[Dataset records]
·····

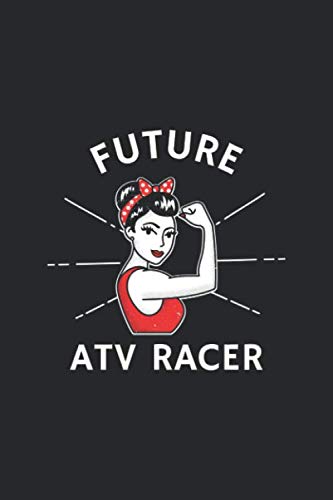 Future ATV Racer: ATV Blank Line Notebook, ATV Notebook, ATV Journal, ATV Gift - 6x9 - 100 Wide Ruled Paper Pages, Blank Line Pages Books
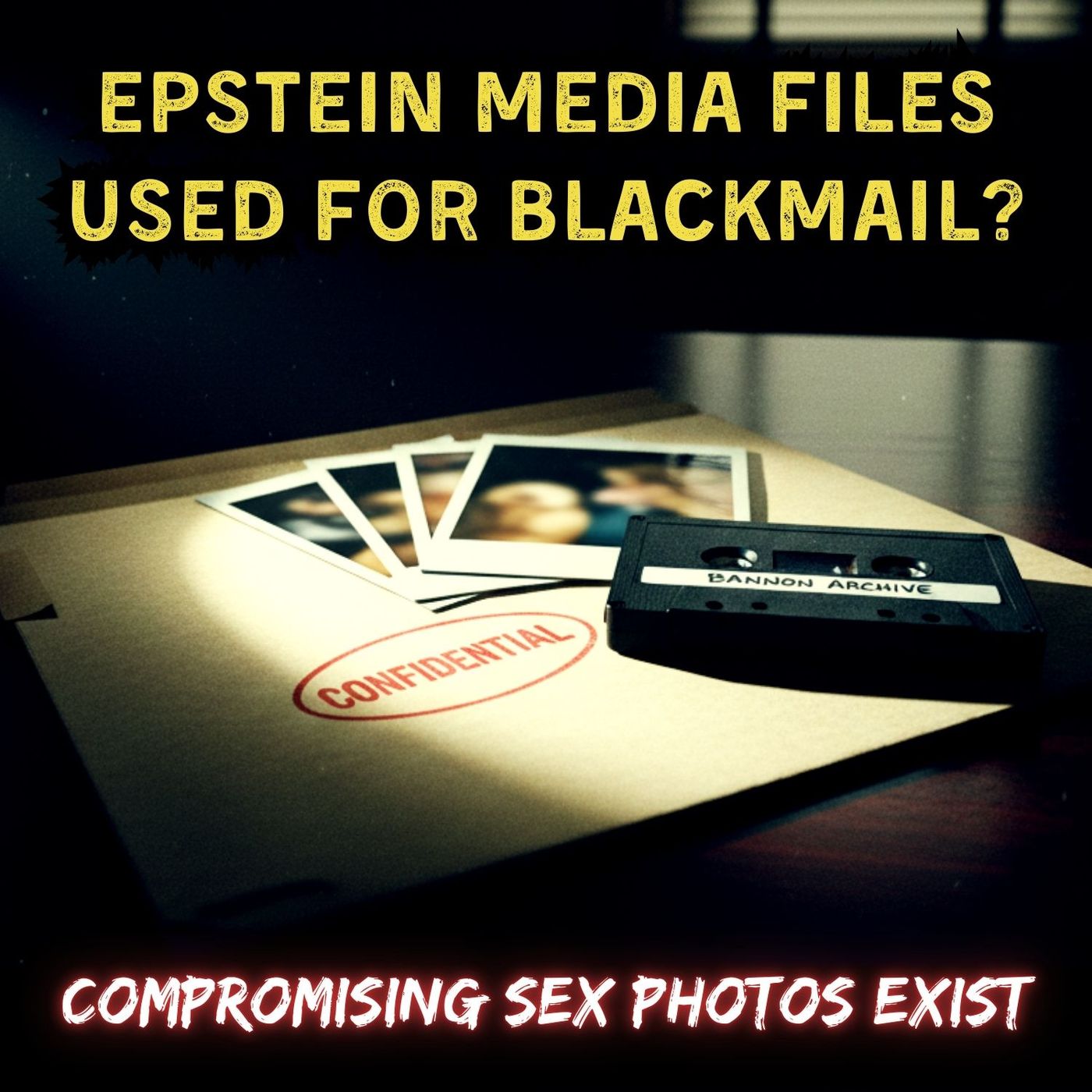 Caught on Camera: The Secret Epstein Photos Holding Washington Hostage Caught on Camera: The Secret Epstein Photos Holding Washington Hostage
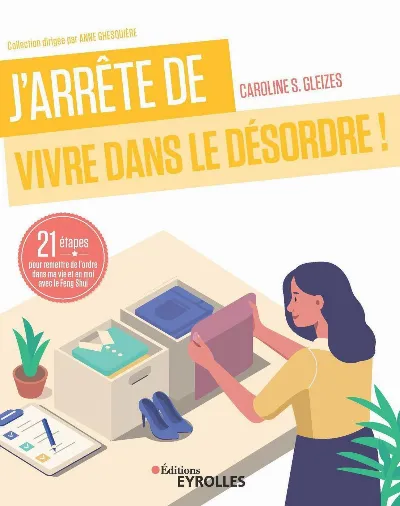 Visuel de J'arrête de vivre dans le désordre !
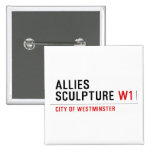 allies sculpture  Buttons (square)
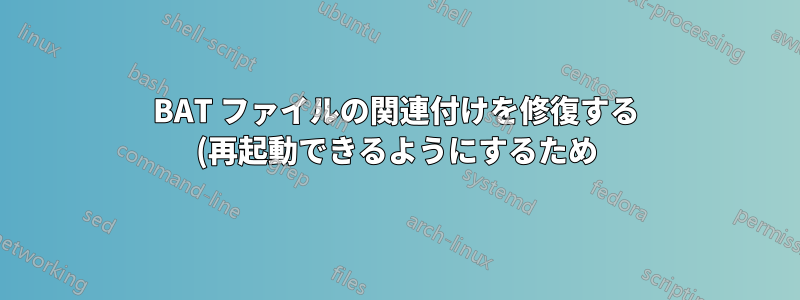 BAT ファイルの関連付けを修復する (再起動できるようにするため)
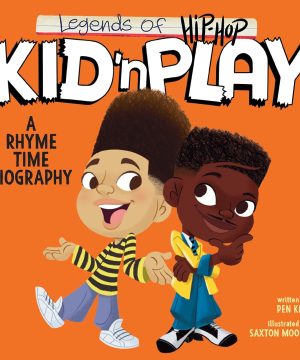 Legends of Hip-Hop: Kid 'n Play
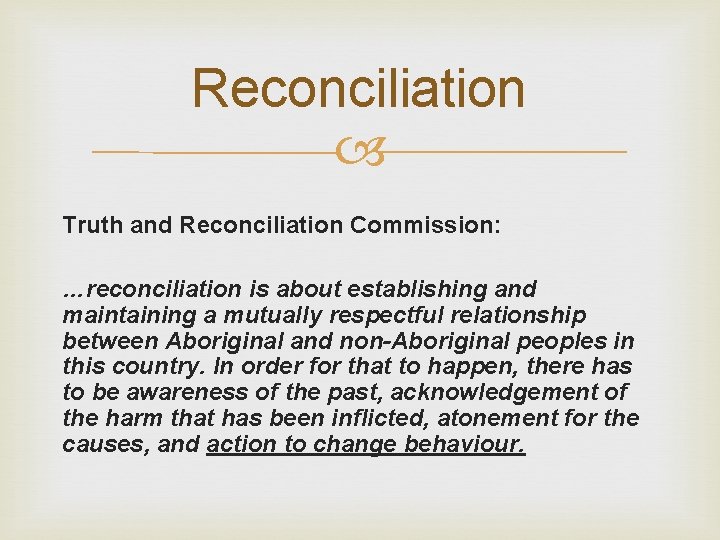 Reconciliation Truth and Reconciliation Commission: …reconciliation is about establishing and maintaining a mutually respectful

·····

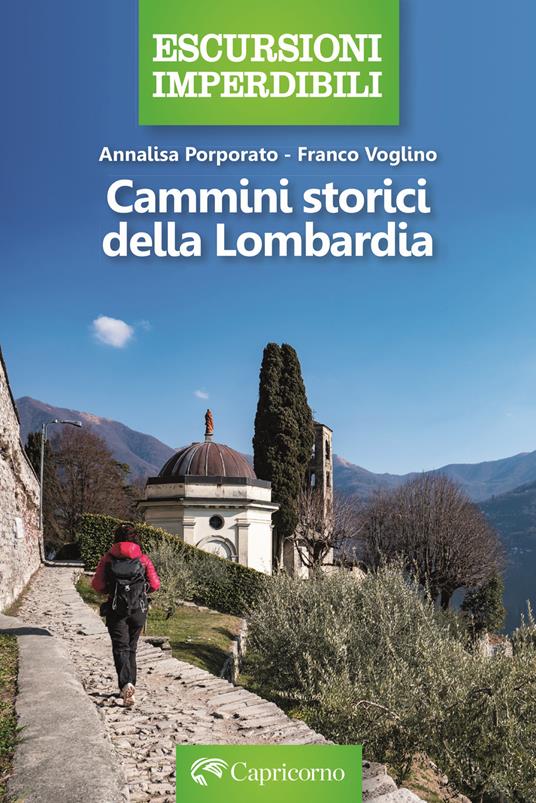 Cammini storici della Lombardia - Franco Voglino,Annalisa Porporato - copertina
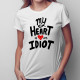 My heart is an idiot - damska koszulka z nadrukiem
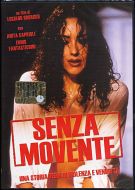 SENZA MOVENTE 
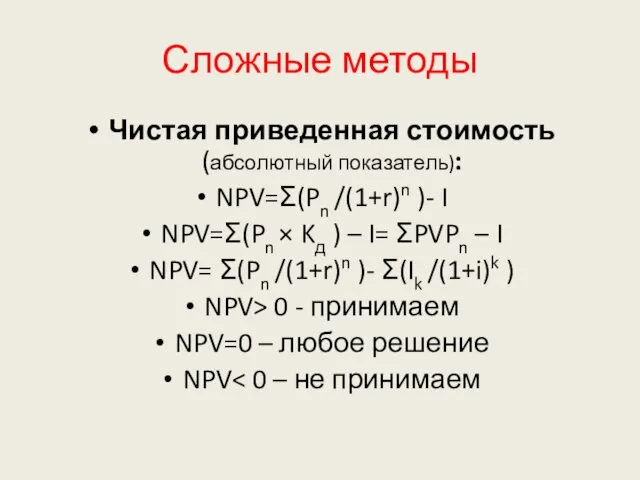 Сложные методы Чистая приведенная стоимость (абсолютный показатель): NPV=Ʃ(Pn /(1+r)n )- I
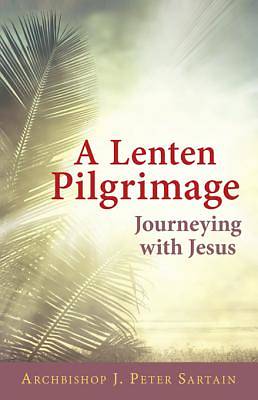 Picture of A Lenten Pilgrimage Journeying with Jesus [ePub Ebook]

·····

▶ _About this task_
Set the pictures aside and retype exactly the lines above from the line with "Сложные методы Чистая" to the line with "Picture of A", both included, adding no others.

▶ _Written response_
 Сложные методы Чистая приведенная стоимость (абсолютный показатель): NPV=Ʃ(Pn /(1+r)n )- I
 Picture of A Lenten Pilgrimage Journeying with Jesus [ePub Ebook]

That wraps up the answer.